Multimedia Signal Processing Laboratory

P. Kabal


Paper Abstracts 1991


Papers

P. Kabal and E. Dubois

"Interpolating and Nyquist Filters with Constraints at Certain Frequencies", Signal Processing, vol. 24, no. 2, pp. 117-126, Aug. 1991.

This paper presents modification procedures for designing FIR interpolating and FIR Nyquist filters that allow the output of the filter to be error-free for certain frequencies. For a minimum mean-square error interpolator, the modifications result in an expanded set of linear equations which include the constraints. For minimax stop-band Nyquist filters, the modifications involve factoring out a filter which implements the constraints on the transfer function. Approximate techniques for implementing the constraints are also discussed.

V. Iyengar and P. Kabal

"A Low Delay 16 kb/s Speech Coder", IEEE Trans. Signal Processing, vol. 39, no. 5, pp. 1049-1057, May 1991.

This paper studies a speech coder using a tree code generated by a stochastic innovations tree and backward adaptive synthesis filters. The synthesis configuration uses a cascade of two all-pole filters: a pitch (long time delay) filter followed by a formant (short time delay) filter. Both filters are updated using backward adaptation. The formant predictor is updated using an adaptive lattice algorithm. The multipath (M, L) search algorithm is used to encode the speech. A frequency-weighted error measure is used to reduce the perceptual loudness of the quantization noise. The speech coder has low delay (1 ms) and subjective tests show that the speech quality is equally preferred to 7-b log-PCM.


Conference papers

A. K. Khandani, P. Kabal, and H. Leib

"Combined Coding and Shaping over a Multitone Channel", Proc. IEEE Globecom Conf. (Phoenix, AZ), pp. 1182-1186, Dec. 1991.

In this work, the idea of combined shaping and coding of a signal constellation over a multitone channel is introduced. In selecting such a constellation, we are faced with the problems of distributing the rate and the energy among the subchannels. Assuming continuous approximation, these factors can be selected independently. However, in the discrete case, one obtains a better performance by using a joint optimization procedure. More importantly, often the structure of the constellation boundary imposes some restrictions on the rate distribution. This provides a stronger coupling between these factors. We introduce two joint optimization methods, partly integer, for distributing the rate and energy. In the first method, the minimum distance to noise ratio (protection) along all the dimensions is the same. The proposed method maximizes this protection. In the second method, this restriction is relaxed. In this case, the average error probability is minimized. Nether of these methods has a higher complexity than the conventional schemes. The second method outperforms the first one. As part of the calculations, a closed-form formula has been found for the weight distribution of the scaled E8 lattice.
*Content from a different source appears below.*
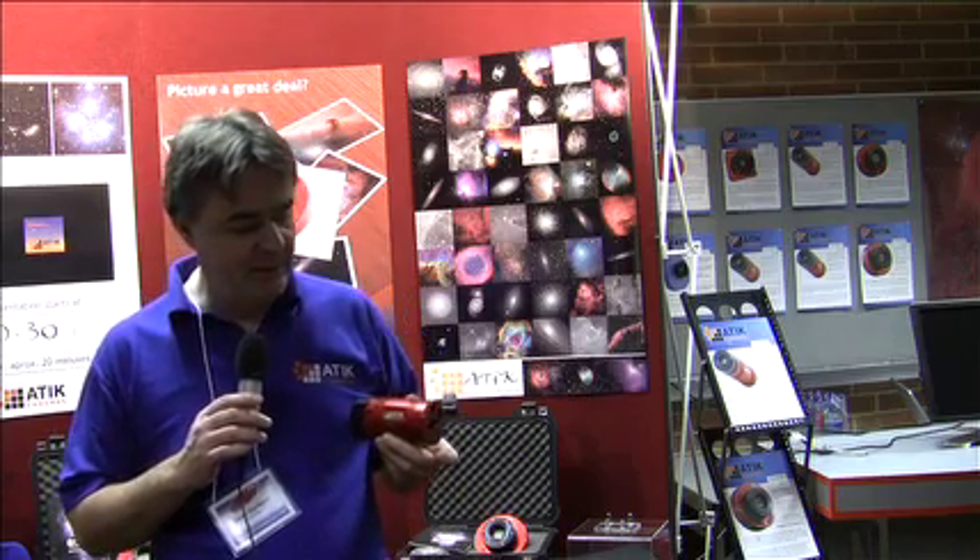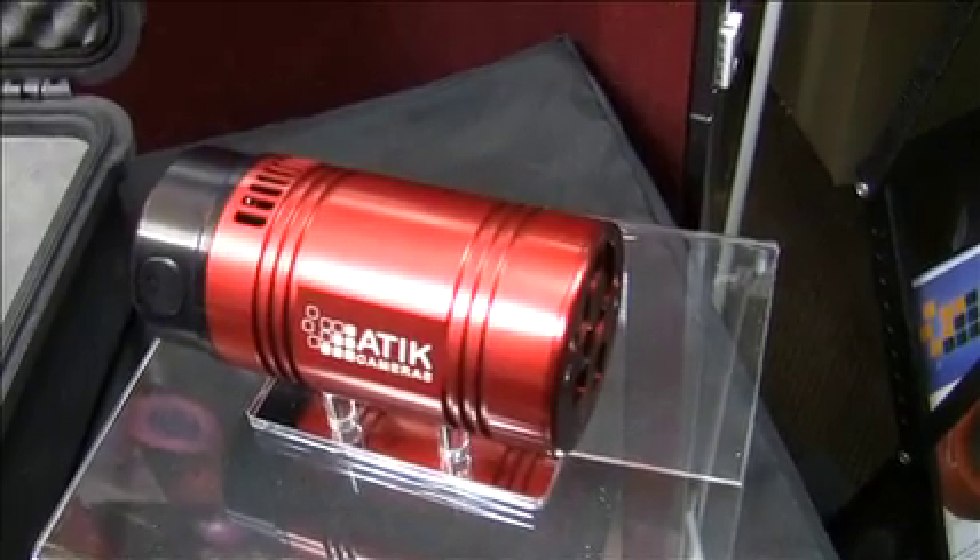This is the new shaped camera. I don't believe we had this at Astrofest last year. We're doing a range of them, and they are particularly well suited for going in front of optics for things like the Hyperstar cameras, and they also go well behind and on the end of Newtonians because they're particularly lightweight.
B. Champagne, A. Lobo, and P. Kabal

"On the Use of a Split-Beam Array for Tracking a Moving Talker", 122nd Meeting, Acoustical Society of America (Houston, TX), Nov. 1991 (abstract appears in J. Acoust. Soc. Amer., vol. 90, p. 2315, Oct. 1991).

Microphone arrays have been used in an audio-teleconferencing environment to pick up the speech signal from a known direction in the presence of noise and reverberation. In current algorithms, the direction of interest is obtained by measuring the output of a beamformer at a finite set of look directions and comparing it to a threshold. Unless the set of look directions is made sufficiently large, this method is not well suited to track a moving talker. In this paper a split-beam array configuration is used for the tracking problem. The time delay between the two halves of the array is obtained by a generalized cross-correlation method. A one-step Kalman predictor is then used to predict the delay for the next frame. This value is used to steer the beamformer. The system has been tested on computer-simulated data which modeled a talker moving along a linear trajectory in a reverberant room. Results indicate that this method can provide reliable estimates of the talker bearing angle in highly reverberant environments.

A. Khandani and P. Kabal

"Optimum Block Based Signalling over 1D and 1-D2 Partial Response Channels", Proc. Allerton Conf. Commun., Control, Computing (Allerton, IL), pp. 798-808, Oct. 1991.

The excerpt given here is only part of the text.